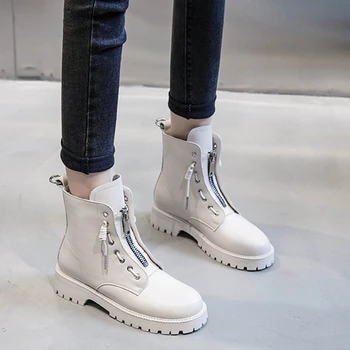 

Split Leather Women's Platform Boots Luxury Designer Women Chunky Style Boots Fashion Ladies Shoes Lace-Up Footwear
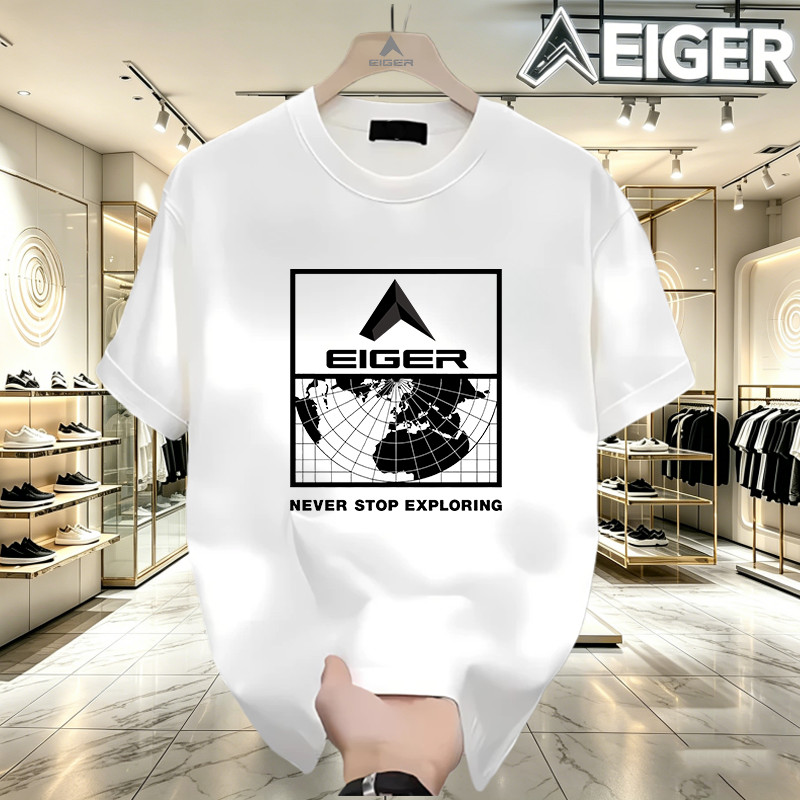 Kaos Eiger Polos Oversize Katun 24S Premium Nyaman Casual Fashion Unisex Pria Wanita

==

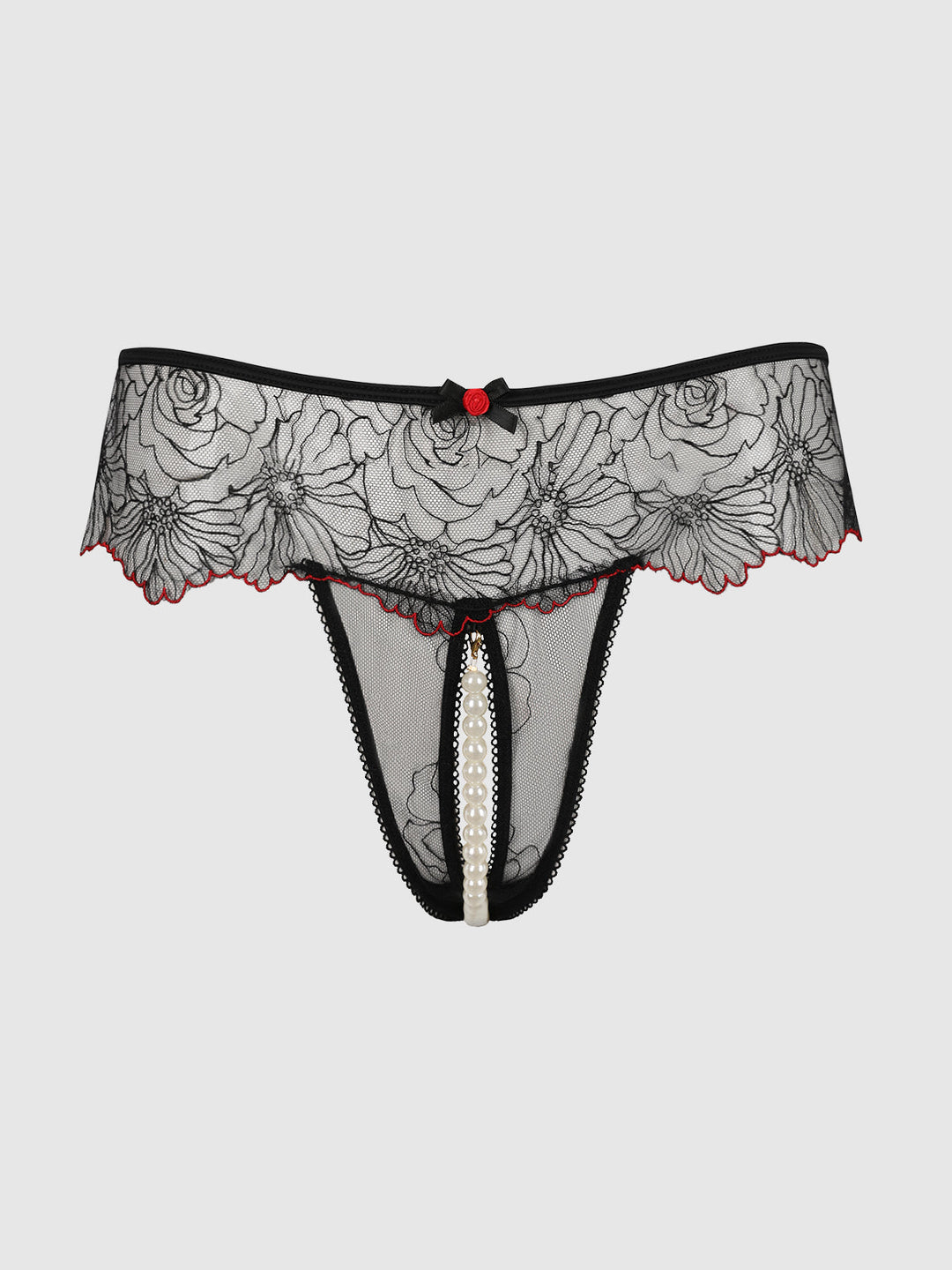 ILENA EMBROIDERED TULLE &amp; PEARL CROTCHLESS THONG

ASSIGNMENT → What's needed is an exact copy of the lines above from the one with "Split Leather Women's" through the one with "Kaos Eiger Polos", both included; the pictures stay out.

ANSWER BOX →
Split Leather Women's Platform Boots Luxury Designer Women Chunky Style Boots Fashion Ladies Shoes Lace-Up Footwear
 Kaos Eiger Polos Oversize Katun 24S Premium Nyaman Casual Fashion Unisex Pria Wanita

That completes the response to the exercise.